Task details: Copy out the data below from the line containing "Denim jacket with rhinestones" to the line containing "14k Yellow Gold", both lines included, with all images left out.

--- Source information Enclosed Below ---

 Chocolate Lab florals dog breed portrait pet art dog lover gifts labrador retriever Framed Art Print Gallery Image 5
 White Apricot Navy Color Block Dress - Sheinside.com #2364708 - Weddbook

--- End of Enclosed Source information ---
--- Source information Enclosed Below ---

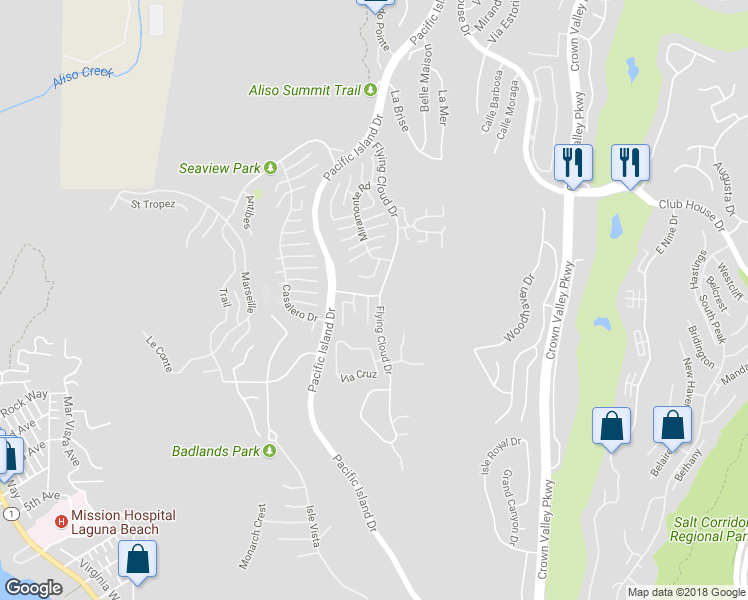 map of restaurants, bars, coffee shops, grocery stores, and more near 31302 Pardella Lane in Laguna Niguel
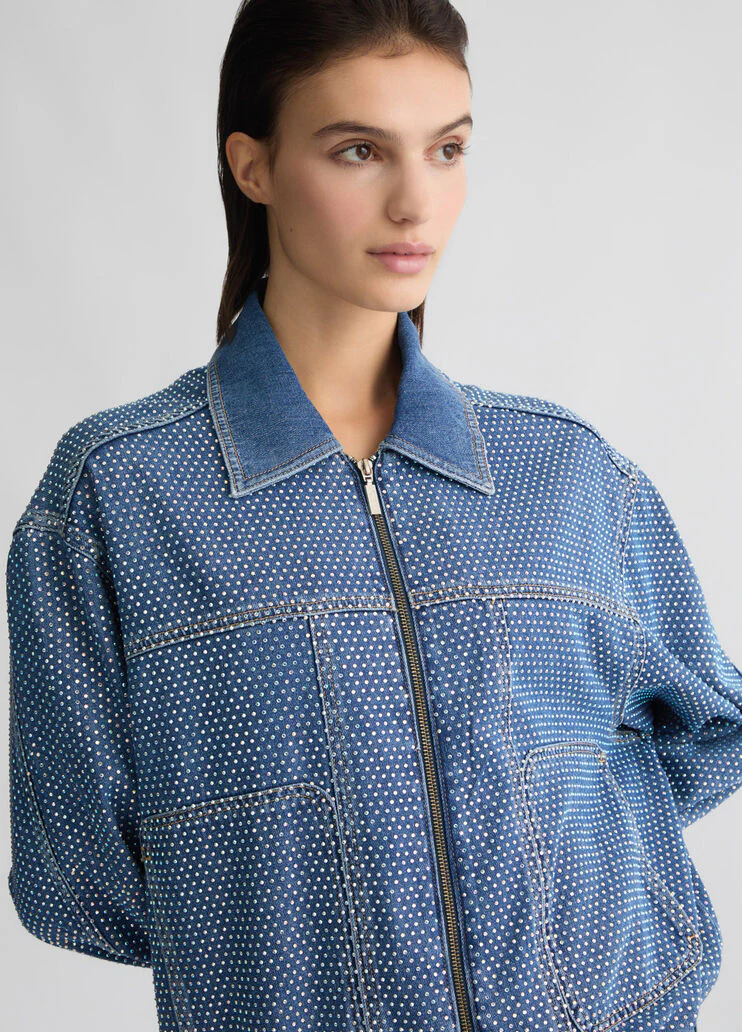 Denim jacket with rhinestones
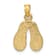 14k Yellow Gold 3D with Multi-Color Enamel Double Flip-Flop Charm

--- End of Enclosed Source information ---
--- Source information Enclosed Below ---

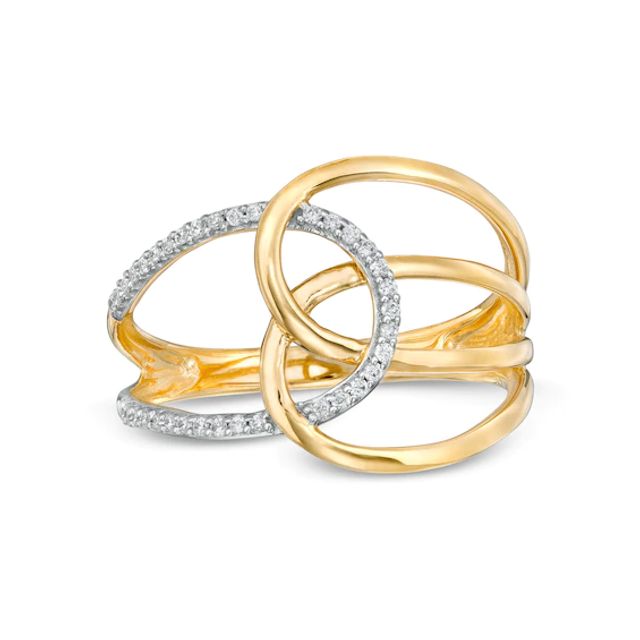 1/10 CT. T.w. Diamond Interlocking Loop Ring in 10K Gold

--- End of Enclosed Source information ---

Response below:
 Denim jacket with rhinestones
 14k Yellow Gold 3D with Multi-Color Enamel Double Flip-Flop Charm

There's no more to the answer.